Aber, liebe Empörte, das spielt's eben nicht. Nur weil ein kollektives Oberschicht/Elitenempfinden das so dekretiert, lappt es nicht in die generelle Praxis über.
Und dafür, für die Selbsterkenntnis, dass weder Gesetze noch gegenseitiges Schulterklopfen etwas helfen um eine hochtradierte Denkart auf den Misthaufen der Geschichte zu verbannen, sollte man dem fehlenden Autor indirekt dankbar sein.

Letztlich denkt er nämlich nur andere populär-populistische Strafvollzugs-Thesen, die umfassend kursieren, weiter. Verbrechen, Strafe, Sühne, der ganze tiefsitzende erzkatholische Blödsinn, die seit Ewigkeiten von Obrigkeits-Denken beschützte Legitimation von Gewaltanwendung, all das flutet nur so aus den österreichischen Poren.
Und: der laute und umfassende Aufschrei auf das vielleicht sogar beabsichtigte Geständnis eines Ohrenziehers sorgt auch für eine Freisprechung aller sich Empörenden. Wiewohl die Chance, dass sie selber auch ein bisserl tätscheln (die Grenzen sind fließend, man kann sich alles zurechthübschen) oder sich zumindest für ihre diesbezüglichen Gedanken schämen, groß ist. Dass es just hier so viele erste-Steine-Werfer gibt, ist hochgradig verdächtig.

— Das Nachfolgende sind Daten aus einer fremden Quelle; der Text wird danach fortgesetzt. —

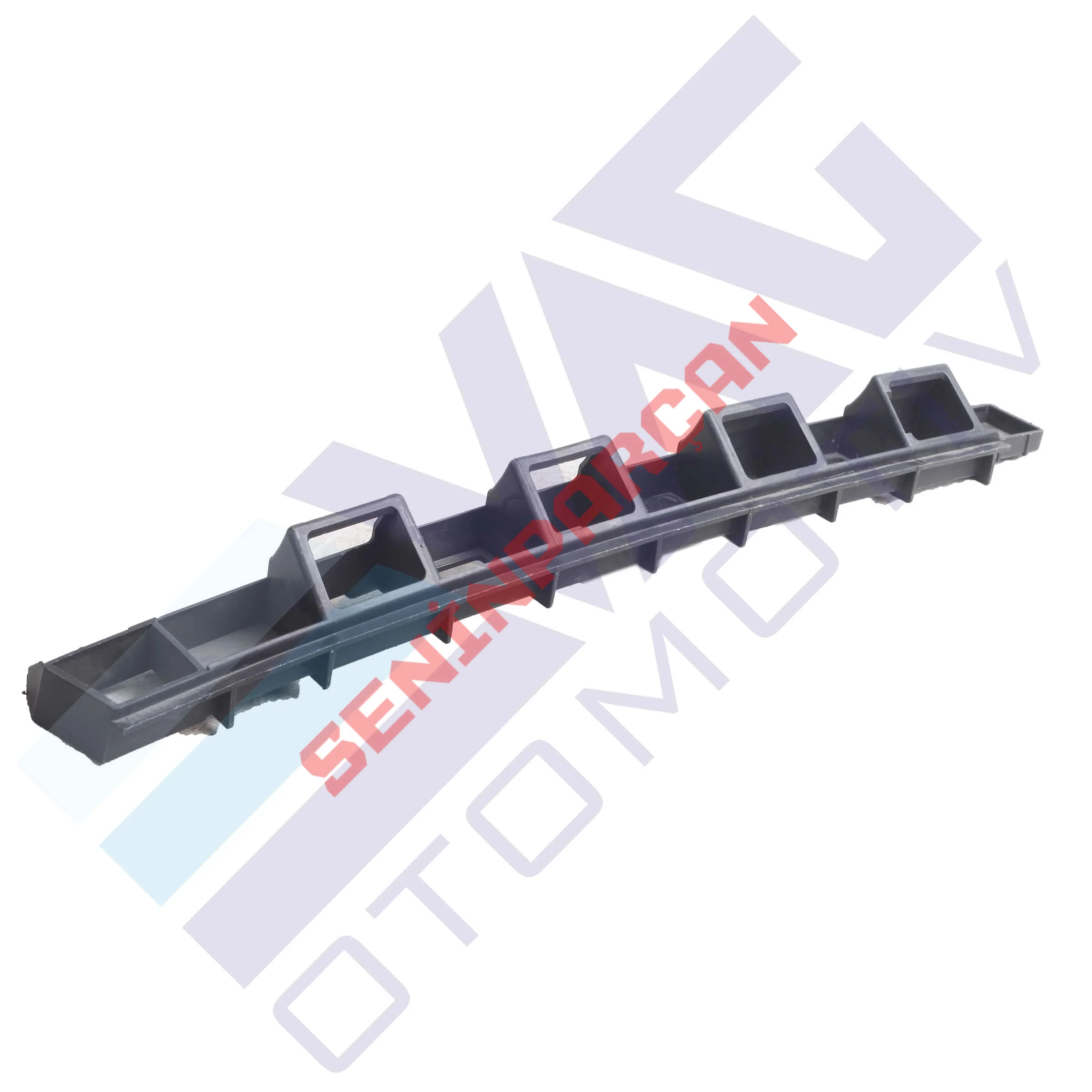 3T5807863 - KLİPS ÇUBUĞU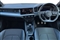 Audi A1 Image 10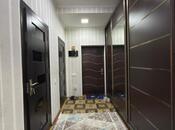 Satılır 3 otaqlı yeni tikili 96 m², Nəsimi r., photo 7 from 8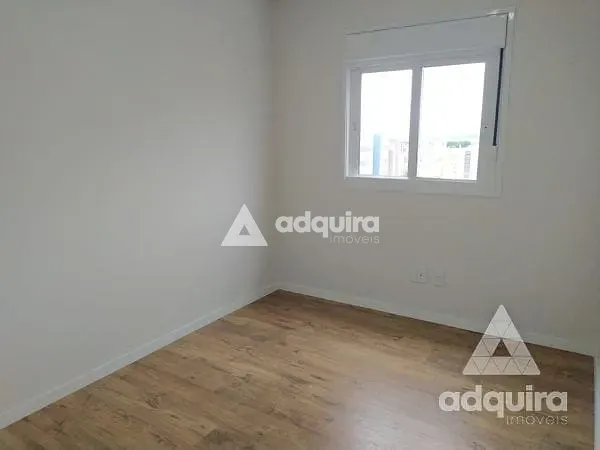 Apartamento, 3 quartos, 10 m² - Foto 12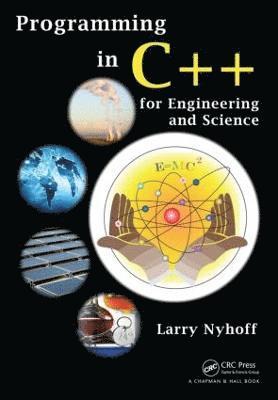 Programming in C++ for Engineering and Science 1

Es drückt das Aufatmen über das Finden eines Sünders aus, dem man die eigene heimliche Teil-Schuld überstülpen kann

Solange die Empörung in ihrer Primär-Reaktion stecken bleibt, solange nur das gesellschaftliche Stammhirn auf ein No-Go reagiert, solange nicht ein umfassender Prozess einsetzt, der die Gründe fürs Immer-noch-schlagen der trotz Gesetzen und Appellen eigentlich geschützten kleinen Menschen einsetzt, ist nichts gewonnen.

Dazu allerdings müsste man sich vom konkreten Anlassfall einer in seiner komplexen Familiengeschichte Verfangenen lösen - und dem ganz banalen Watschen-Alltag zuwenden und auch die Eliten-Dünkel überwinden. Sonst macht man nämlich die nächste divide, die nächste Kluft auf, einen weiteren Canyon, der zwischen den Gesellschaftsmodellen einer selbstbewussten Zivilgesellschaft und den sich mehrenden Anhängern von autokratischen Ideen und Ansätzen steht.

Denn dort, bei den schlagenden Freunden, dem dumpfen Ressentimentismus, der den neuen Allianzen innewohnt, dort ist die gsunde Watschen keine Folge von engelhafter Verwirrung, sondern grundsätzliche Ideologie, strukturell sogar notwendig um autokratische Führungsmodelle durchzusetzen. So wie es auch Schläge für Anderssexuelle, Andershandelnde und Andersdenkende sind.

Dieses Denken liegt aktuell im Polster eines fetten Aufwinds. Und genau dort wird man die doch ein wenig zu einfach gestrickte Empörung entsprechend zu nutzen wissen und sich als machoid-wehrhafter Kraftlackl zu positionieren wissen. Sofern der Diskurs im Einzelfall-Bashing steckenbleibt.